[Records from a dataset]
- - - - - - -

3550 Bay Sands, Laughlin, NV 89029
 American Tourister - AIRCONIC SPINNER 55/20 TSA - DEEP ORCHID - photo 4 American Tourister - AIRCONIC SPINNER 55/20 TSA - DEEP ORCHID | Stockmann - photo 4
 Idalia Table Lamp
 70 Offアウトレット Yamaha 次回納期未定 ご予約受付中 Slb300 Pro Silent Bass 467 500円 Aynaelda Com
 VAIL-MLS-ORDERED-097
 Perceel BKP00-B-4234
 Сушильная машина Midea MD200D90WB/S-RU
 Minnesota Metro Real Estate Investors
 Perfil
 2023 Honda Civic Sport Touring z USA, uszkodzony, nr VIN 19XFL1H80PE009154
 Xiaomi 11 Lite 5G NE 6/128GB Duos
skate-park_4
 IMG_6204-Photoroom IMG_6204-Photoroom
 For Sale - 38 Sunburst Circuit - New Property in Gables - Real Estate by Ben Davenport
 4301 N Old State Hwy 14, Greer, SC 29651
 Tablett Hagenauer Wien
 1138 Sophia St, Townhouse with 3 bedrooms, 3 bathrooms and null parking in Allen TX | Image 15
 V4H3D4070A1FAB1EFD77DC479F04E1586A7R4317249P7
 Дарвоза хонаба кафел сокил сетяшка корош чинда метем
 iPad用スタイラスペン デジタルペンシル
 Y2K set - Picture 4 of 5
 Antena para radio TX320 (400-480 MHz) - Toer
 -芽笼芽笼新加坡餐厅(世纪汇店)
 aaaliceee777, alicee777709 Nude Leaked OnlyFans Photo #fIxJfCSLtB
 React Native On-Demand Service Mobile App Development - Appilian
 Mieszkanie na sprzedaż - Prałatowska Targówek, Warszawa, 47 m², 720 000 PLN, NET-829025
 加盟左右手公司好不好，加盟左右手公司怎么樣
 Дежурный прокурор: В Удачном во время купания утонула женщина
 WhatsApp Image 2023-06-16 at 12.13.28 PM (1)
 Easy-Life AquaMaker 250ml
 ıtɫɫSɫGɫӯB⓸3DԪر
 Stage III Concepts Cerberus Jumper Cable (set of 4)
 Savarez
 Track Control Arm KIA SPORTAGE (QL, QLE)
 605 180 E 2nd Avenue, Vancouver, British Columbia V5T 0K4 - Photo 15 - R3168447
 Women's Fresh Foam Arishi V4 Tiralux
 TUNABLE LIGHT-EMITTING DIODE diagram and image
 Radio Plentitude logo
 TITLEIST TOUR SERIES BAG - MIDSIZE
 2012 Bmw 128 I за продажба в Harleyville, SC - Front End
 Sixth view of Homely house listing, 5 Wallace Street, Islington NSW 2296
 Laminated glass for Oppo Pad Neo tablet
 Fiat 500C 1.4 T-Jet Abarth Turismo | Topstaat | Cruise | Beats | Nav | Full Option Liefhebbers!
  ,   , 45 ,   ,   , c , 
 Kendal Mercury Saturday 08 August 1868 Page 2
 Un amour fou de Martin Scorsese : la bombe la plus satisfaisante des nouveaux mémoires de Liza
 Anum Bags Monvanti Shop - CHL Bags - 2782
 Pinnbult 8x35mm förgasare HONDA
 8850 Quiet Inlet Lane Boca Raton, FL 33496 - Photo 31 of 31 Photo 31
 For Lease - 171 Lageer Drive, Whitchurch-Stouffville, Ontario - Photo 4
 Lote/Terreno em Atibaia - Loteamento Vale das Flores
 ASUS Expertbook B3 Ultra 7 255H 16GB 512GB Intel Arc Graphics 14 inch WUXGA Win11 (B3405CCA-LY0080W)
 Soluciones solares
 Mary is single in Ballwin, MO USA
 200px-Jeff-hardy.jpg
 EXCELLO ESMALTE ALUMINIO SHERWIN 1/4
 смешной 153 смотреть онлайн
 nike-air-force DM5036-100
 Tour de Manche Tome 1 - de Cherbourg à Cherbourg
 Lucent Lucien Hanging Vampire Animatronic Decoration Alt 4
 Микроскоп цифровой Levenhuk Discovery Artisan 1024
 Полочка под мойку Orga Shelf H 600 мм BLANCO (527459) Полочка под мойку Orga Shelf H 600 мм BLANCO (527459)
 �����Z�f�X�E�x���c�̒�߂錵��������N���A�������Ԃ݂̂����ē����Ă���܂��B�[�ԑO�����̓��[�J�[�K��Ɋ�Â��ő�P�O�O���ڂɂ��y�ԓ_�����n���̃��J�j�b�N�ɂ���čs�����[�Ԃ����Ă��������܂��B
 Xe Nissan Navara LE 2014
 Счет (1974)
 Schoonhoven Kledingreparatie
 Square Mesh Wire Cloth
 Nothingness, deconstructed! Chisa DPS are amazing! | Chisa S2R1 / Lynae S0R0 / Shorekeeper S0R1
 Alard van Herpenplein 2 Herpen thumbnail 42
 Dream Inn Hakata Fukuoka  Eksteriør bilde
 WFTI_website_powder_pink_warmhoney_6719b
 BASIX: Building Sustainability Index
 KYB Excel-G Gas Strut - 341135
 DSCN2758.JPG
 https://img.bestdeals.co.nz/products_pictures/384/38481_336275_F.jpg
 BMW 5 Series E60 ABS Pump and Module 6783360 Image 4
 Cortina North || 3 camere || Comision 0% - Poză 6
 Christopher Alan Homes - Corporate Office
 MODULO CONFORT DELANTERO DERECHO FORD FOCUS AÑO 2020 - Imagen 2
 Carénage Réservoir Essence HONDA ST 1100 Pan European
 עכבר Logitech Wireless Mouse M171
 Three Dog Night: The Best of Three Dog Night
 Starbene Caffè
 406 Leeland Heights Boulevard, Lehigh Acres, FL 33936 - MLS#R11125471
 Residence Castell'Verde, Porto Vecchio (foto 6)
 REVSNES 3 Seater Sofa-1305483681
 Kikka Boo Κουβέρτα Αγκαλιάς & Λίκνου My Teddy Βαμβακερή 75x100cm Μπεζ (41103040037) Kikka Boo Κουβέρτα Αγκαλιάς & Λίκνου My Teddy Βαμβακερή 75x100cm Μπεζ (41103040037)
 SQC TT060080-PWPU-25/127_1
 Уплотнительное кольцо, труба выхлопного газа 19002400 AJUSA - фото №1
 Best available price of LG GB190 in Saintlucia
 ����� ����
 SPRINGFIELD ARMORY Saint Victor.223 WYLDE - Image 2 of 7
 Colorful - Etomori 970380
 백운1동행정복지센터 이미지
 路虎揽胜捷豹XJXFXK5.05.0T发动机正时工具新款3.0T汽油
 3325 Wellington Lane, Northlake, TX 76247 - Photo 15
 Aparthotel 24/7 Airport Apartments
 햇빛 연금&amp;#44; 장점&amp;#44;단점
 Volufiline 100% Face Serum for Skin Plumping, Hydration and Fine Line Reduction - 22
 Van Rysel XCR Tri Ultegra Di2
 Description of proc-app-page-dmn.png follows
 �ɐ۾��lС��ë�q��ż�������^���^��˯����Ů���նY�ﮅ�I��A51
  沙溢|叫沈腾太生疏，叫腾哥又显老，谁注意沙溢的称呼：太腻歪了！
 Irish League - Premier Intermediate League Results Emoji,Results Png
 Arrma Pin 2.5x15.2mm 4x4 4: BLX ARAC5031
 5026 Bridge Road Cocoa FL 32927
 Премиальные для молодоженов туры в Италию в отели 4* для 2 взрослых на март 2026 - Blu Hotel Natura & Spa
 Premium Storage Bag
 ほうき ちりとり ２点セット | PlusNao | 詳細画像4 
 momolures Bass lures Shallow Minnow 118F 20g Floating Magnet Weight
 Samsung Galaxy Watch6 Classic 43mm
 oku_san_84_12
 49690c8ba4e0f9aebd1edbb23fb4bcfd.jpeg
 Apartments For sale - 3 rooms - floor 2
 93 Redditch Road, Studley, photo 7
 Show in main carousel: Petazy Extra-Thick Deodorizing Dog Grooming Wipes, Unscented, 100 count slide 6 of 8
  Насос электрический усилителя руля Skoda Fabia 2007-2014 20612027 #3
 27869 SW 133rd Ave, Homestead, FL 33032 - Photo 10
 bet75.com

- - - - - - -

DIRECTIONS – Write out the lines of the entries, word for word, from the first through the one containing "Idalia Table Lamp", and stop at that line.

RESULT –
3550 Bay Sands, Laughlin, NV 89029
 American Tourister - AIRCONIC SPINNER 55/20 TSA - DEEP ORCHID - photo 4 American Tourister - AIRCONIC SPINNER 55/20 TSA - DEEP ORCHID | Stockmann - photo 4
 Idalia Table Lamp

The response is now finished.